Gary
Bartz of the Conservatory's jazz faculty and Professor of Conducting
Robert Spano '83, music director of the Atlanta Symphony Orchestra
(ASO), were among the winners at the Grammy Awards earlier this month.
Bartz, visiting professor of jazz saxophone, shared the award for best contemporary
jazz album for his contributions to McCoy Tyner's Illuminations (Telarc).
Bartz, who appears on the release with Tyner and fellow winners Terence Blanchard,
Christian McBride, and Lewis Nash, also wrote one of the songs on the album,
Soulstice. The album was recorded in New York City in November 2003.

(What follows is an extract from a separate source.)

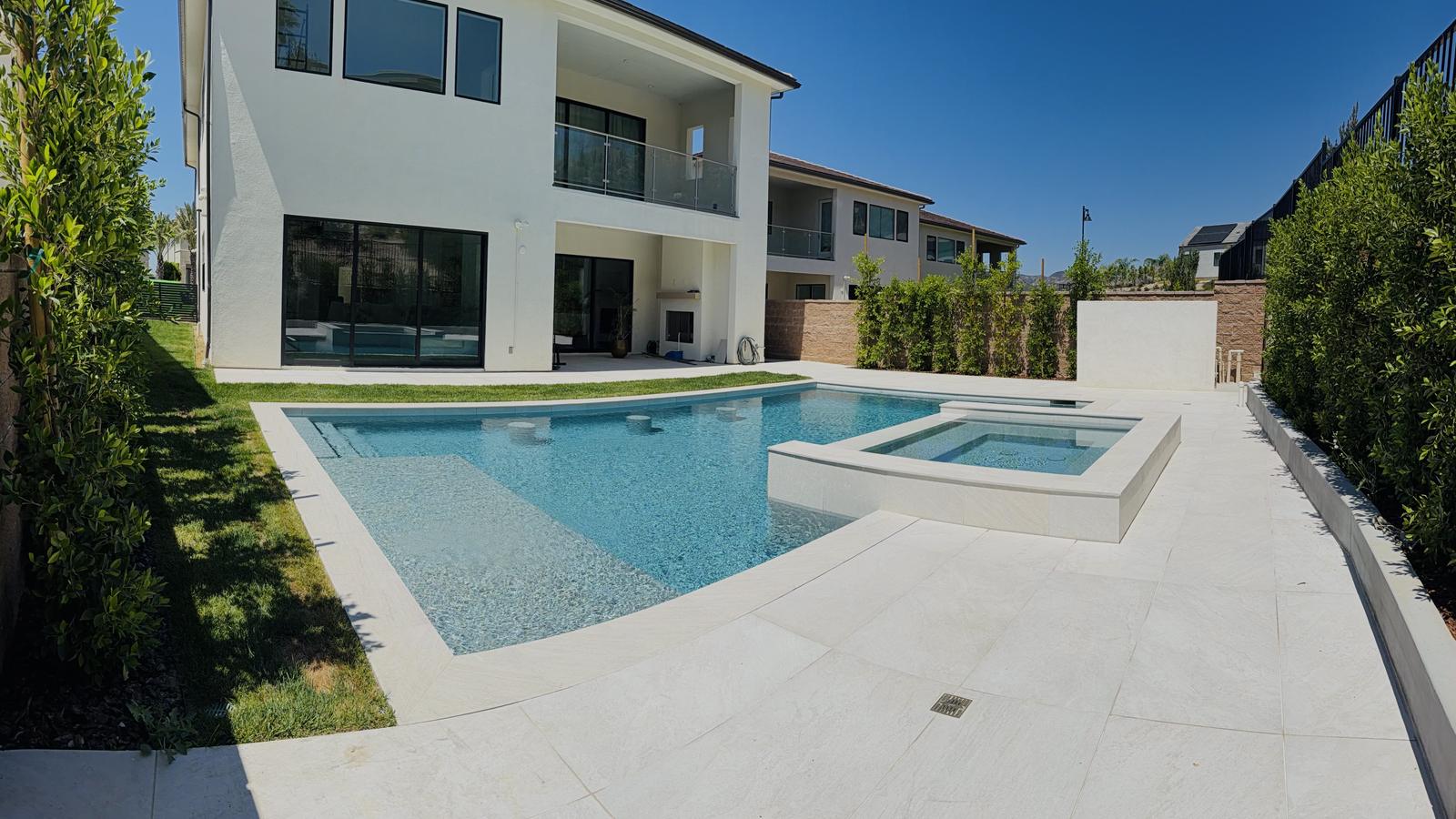 Custom pool and raised spa behind a modern home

Spano won the best choral performance award with Norman MacKenzie, ASO director
of choruses, for the orchestra's recording of Hector Berlioz's Requiem,
Op. 5 — another Telarc release. The album, which was recorded in Atlanta's
Symphony Hall at the Woodruff Arts Center, features MacKenzie directing the ASO
Chorus with tenor soloist Frank Lopardo.
Spano and the Atlanta Symphony Orchestra also won a Grammy for best engineered
album for their Telarc recording of Jennifer Higdon's City Scape and Concerto
for Orchestra, which was also nominated in three other categories: best classical
album, best orchestral performance, and best classical contemporary composition.

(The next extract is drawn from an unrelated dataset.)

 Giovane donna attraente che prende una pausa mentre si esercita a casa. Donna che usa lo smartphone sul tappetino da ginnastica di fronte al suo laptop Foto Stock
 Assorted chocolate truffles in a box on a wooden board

John Adams was the winner in those three categories for his self-described "memory
space" commemorating the dead of 9/11, On the Transmigration of Souls,
performed by the New York Philharmonic. Lorin Maazel conducted the work, which
featured the Brooklyn Youth Chorus and the New York Choral Artists.

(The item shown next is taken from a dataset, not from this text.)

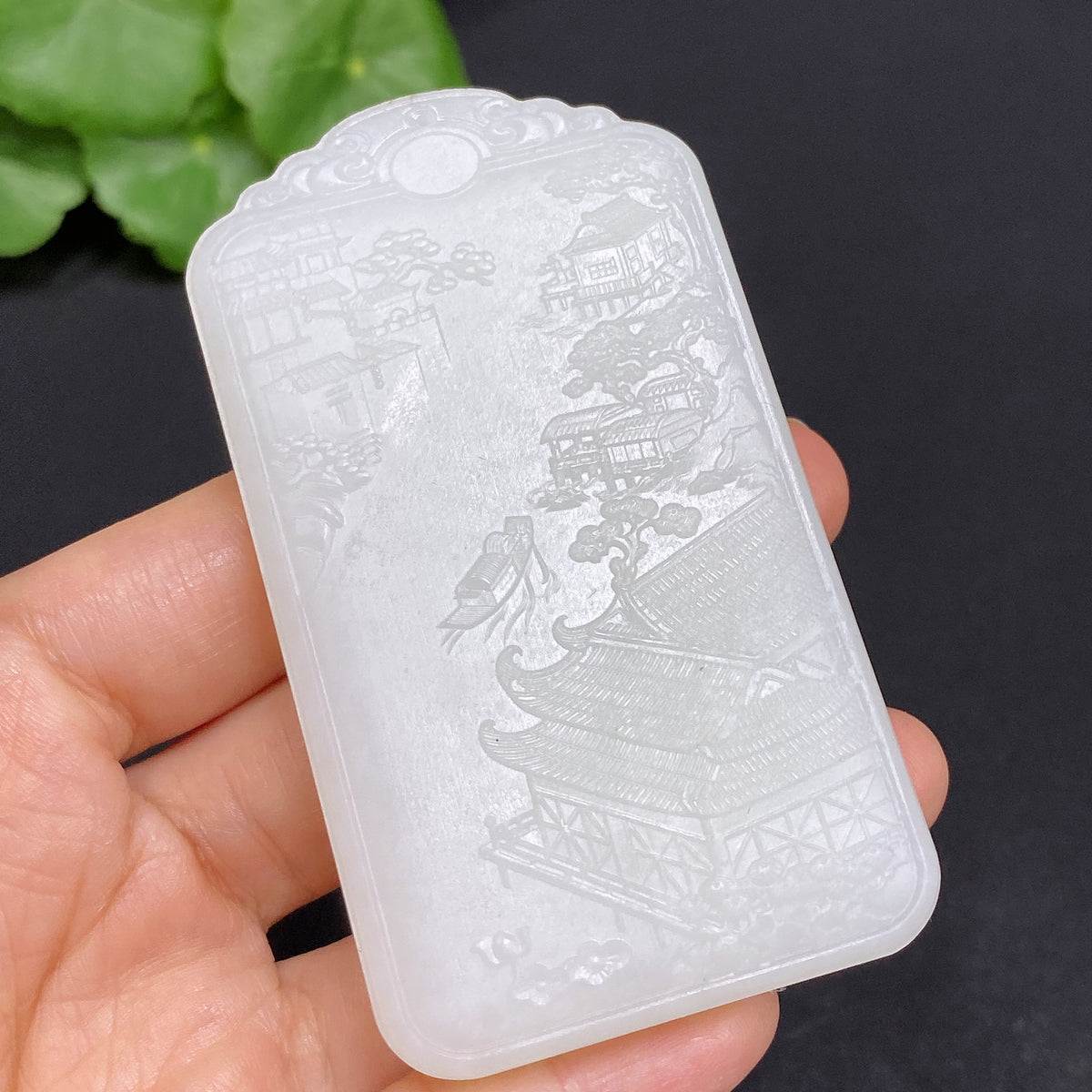 Huiliu-certified Hetian jade pendant featuring Guanyin figure, showcasing smooth green jade craftsmanship.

This is not the first Grammy for Bartz, a member of Oberlin's faculty since
2001. He has also received numerous other awards, including those from Down
Beatmagazine and Melody Maker. He has more than 35 solo recordings to his
credit as well as performances and recordings with hundreds of artists, among
them Miles Davis, Shirley Horn, the Max Roach/Abbey Lincoln group, Art Blakey's
Jazz Messengers with Lee Morgan, Charles Mingus' workshop, and, of course,
McCoy Tyner.
Spano also has to move aside a few Grammy awards on his bookshelf; in 2003 he
and the ASO swept the three categories for which they were nominated (best classical
album, best choral performance, and best engineered classical album) with their
Telarc recording of Ralph Vaughan Williams' A Sea Symphony. Spano is recognized
internationally as one of America's outstanding conductors, acclaimed for
leading vital, musically distinguished performances as well as for the breadth
of repertoire he explores. He has conducted nearly every major North American
orchestra and has appeared with orchestras and opera companies throughout Europe
and Asia. He has served as director of the Festival of Contemporary Music for
2003 and 2004 at the Tanglewood Music Center, where he has directed the prestigious
conducting fellowship program since 1998.